ニートから抜け出した頃

高校を卒業してから、ほとんどニートのような生活をしていた私は、19歳になった頃とうとう父親にきれられ、ようやく働くことになりました。しかしもともと人付き合いが苦手で、接客の仕事などは絶対にムリ、従業員同士で会話をしながら仕事を進めるのもムリ、とそんなふうに考えていた私は、バイトを何にするか随分迷いました。

求人情報誌を何度もめくりながら、自分にあったバイトはないかとずっと探していましたが、なかなか見つかりません。ようやく見つけたのがポスティングのバイトでした。出来高制と書いてありましたが、実際にはどれだけ稼げるのか書いていません。しかし、当時の私はお金のことなど半分どうでもよく、とにかく人と接しないで働けるところを探していました。

ポスティングの仕事は、この私にぴったりでした。夜中、一人でマンションのポストにチラシを次々に入れていきます。私は世田谷を任されていたのですが、世田谷の住宅地の夜はすごく静かです。時々車が通るくらいです。その中を自転車をゆっくりとこぎながら、一軒一軒チラシを入れていく。その間は何も考えず、ただ決められたコースに沿ってチラシを入れていくだけです。人付き合いの苦手な私にとってこれほどぴったりな仕事はありませんでした。

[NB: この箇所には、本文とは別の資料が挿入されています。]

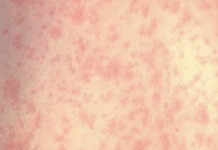 Un residente de NJ puede haber propagado sarampión en NJ Transit, los trenes PATH. Imagen del sarampión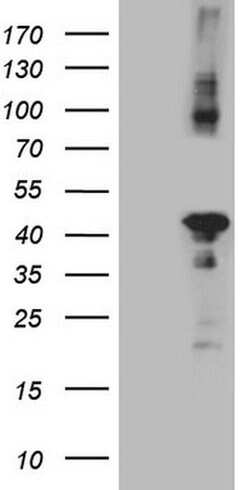 CIAPIN1 Monoclonal Antibody (OTI5A6), TrueMAB , OriGene 100 &mu;L; Unconjugated:Antibodies,
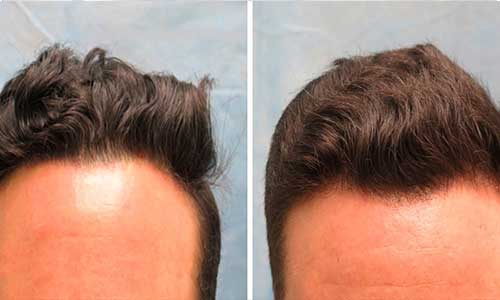 درمان ریزش مو با استفاده از پی آر پی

自分のペースでやることができますし、誰かにミスをとがめられることもありません。

今では別の仕事をしていますが、当時の世田谷のあの夜のことを思い出すたびにとても懐かしい気持ちになります。

人との関わりが少ない仕事

チームワークで行うバイトや接客系のバイトのように、人間関係やコミュニケーション能力を必要とするバイトは、対人関係が苦手な人にはただただ苦痛の仕事です。しかし世の中には、人間関係の能力をほとんど必要としないバイトがたくさんあります。

まずは工場のライン作業の仕事です。初めに自分が担当エリアが割り当てられ作業内容を説明されます。その後はただひたすら、単純作業をこなしていれば、あっという間に時間が過ぎ、わずらわしいコミュニケーションをしなくて済みます。慣れてくると身体が作業動作を覚えてしまうので、何も考えなくても身体が勝手に動く様になり、とても楽に働けます。作業自体が誰でもできるような簡単な内容がほとんどなので、気軽に応募できます。

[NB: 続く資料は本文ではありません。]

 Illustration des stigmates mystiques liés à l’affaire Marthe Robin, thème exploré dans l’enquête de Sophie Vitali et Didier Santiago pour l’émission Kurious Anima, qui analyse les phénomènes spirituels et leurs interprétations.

続いて、お勧めなのが看板持ちのバイトです。その名の通り、住宅展示場やイベント会場の案内看板を持って、路上に立っているか座っているバイトです。時には道を聞いてくる人もいますが、ほとんどは誰とも話す事なくバイト時間が終わります。ライン作業よりもいろいろ考え事ができ、注意力も常に必要とされていないので、とても楽なバイトと言えます。ただ、人によってはあまりにも暇すぎて、逆に辛いという人もいるようなので、そういう方はライン作業などの方が向いています。

このようなバイトをすれば、自分の事だけを考えて、他人とコミュニケーションをあまり取らずにお金を稼ぐ事ができるので、対人関係が苦手な人は是非このようなバイトを探してみてはいかがでしょう。